In the records that follow, find the line with "Coral reef ecosystems"; from there, retype every line exactly through the line with "昨天下午我正在美容院推背，老公微信告诉我说，不去上海了...", which also belongs to the answer.

▶ INPUT DATA

◆ ◆ ◆ ◆

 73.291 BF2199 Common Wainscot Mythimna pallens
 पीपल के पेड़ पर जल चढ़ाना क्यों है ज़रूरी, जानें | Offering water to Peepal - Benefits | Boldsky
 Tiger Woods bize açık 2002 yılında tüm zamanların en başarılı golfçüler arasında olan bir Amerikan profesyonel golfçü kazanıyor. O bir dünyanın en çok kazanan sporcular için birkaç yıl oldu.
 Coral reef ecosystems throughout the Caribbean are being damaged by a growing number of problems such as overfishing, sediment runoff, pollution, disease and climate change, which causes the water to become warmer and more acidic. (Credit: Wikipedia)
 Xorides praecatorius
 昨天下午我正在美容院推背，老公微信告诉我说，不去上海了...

◆ ◆ ◆ ◆

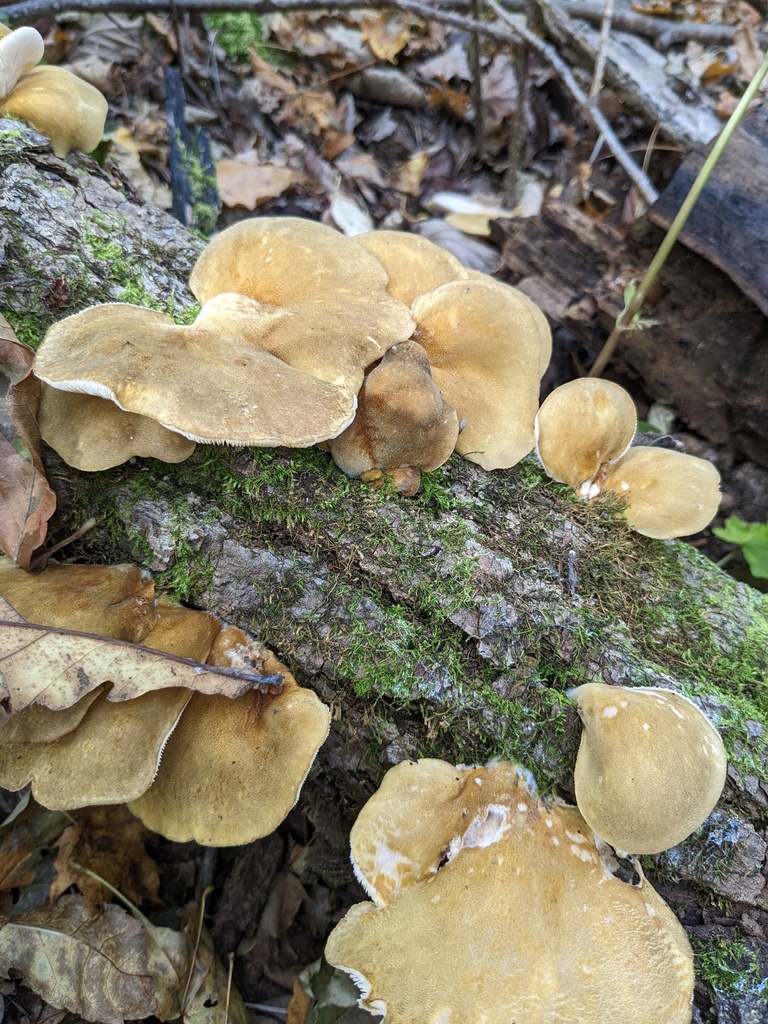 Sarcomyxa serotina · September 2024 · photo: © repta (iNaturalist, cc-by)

◆ ◆ ◆ ◆

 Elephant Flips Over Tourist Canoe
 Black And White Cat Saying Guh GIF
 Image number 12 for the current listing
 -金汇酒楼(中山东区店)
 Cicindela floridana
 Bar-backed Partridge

◆ ◆ ◆ ◆

▶ WORKED SOLUTION
 Coral reef ecosystems throughout the Caribbean are being damaged by a growing number of problems such as overfishing, sediment runoff, pollution, disease and climate change, which causes the water to become warmer and more acidic. (Credit: Wikipedia)
 Xorides praecatorius
 昨天下午我正在美容院推背，老公微信告诉我说，不去上海了...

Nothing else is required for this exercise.